Artwork for Marmozets’ ‘CO.WAR.DICE.’

The Marmozets of The Weird And Wonderful Marmozets almost certainly could’ve weathered an eight-year hiatus. The Marmozets who left things off on Knowing What You Know Now? They almost certainly couldn’t.

The thing is, that’s only, like, half-condemnatory. Yes, Marmozets’ debut was such an untouchable component of 2014’s alt-rock that their sophomore slump only highlighted more. But their absence from the scene has come with much greater reason that just a drop-off in spark. In the intervening time, vocalist Becca Bottomley (née MacIntyre) married guitarist Jack and had a daughter, spending the last few years raising her with the band on ice. It would seem an unexpected turn if this were the band from their heyday, no less because part of their initial appeal came from how young they were. If you were to guess the reason for Marmozets’ potential stall a bit over a decade ago, domestic bliss wouldn’t have been high up there.

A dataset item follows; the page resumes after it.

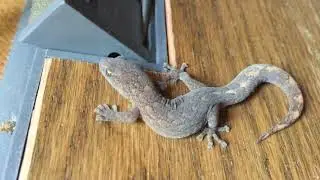 The Marbled Gecko of Australia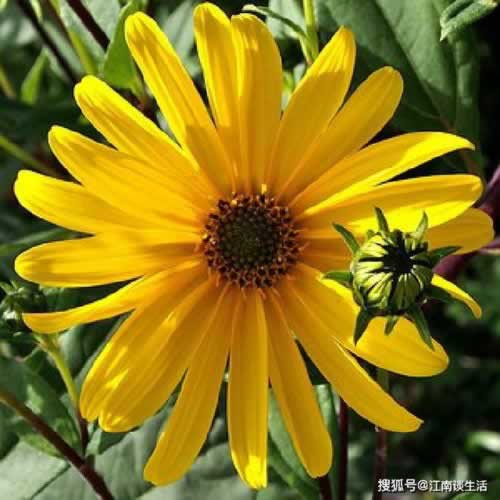 網上黑平臺取款被退回怎么辦教你怎么應對（圖）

Then again, you also can’t count out the serious ding in stock that Knowing What You Know Now brought for them. It was a fine album but largely forgettable, and failed to make the same quantum leap forwards as its predecessor. So, with that being their last impression and almost a decade of radio silence behind them, CO.WAR.DICE. almost feels like speedrunning everything back into place. Here’s a return trying to cram in everything relevant about Marmozets, past and present—newly matured, maternal perspective; alt-rock shocked with youthful vibrancy; a keen ear on how their scenes have shifted and changed in the interim.

On paper, all of those can be great. They probably are; you can make a sincere argument that CO.WAR.DICE. is where Marmozets have found their groove again. There’s a lot of effort put into this, which is what ultimately sees them over the finish line. And when you explore that through individual songs, there can be a lot to like. Marmozets going back to an electrified dance-rock style will always be good, now sporting influences from The Cramps and Devo that has Running With The Sun In Your Eyes and You Want The Truth snap even more sharply. As they branch out further still from there, you get the AC/DC-via-The-Strokes riffing of Like Last Night, and Swear I’m Alive and Dandy showing a gentleness hitherto unexplored to this extent. Even A Kiss From A Mother, rather underwhelming on first impact, has proven a real grower, not just for its Spaghetti Western opening sting but also how addictive its nerviness can prove.

So, that’s all great, right? Marmozets are back on top form again and worth the proper celebration? Well…

Look, CO.WAR.DICE. isn’t bad, but it’s even better as individual pieces. Put them all together, and the flaws practically spill out. It’s a consequence of the design space that Marmozets are operating within, huffing and puffing to put the wind back in their sails as fervently as possible. You can feel the effort to catch back up, so much so that the rougher, scraggly edges can almost feel untenable in this holistic form. As such, CO.WAR.DICE. plays like an album whose constituent parts are held together with staples and twine, sometimes not even discreetly.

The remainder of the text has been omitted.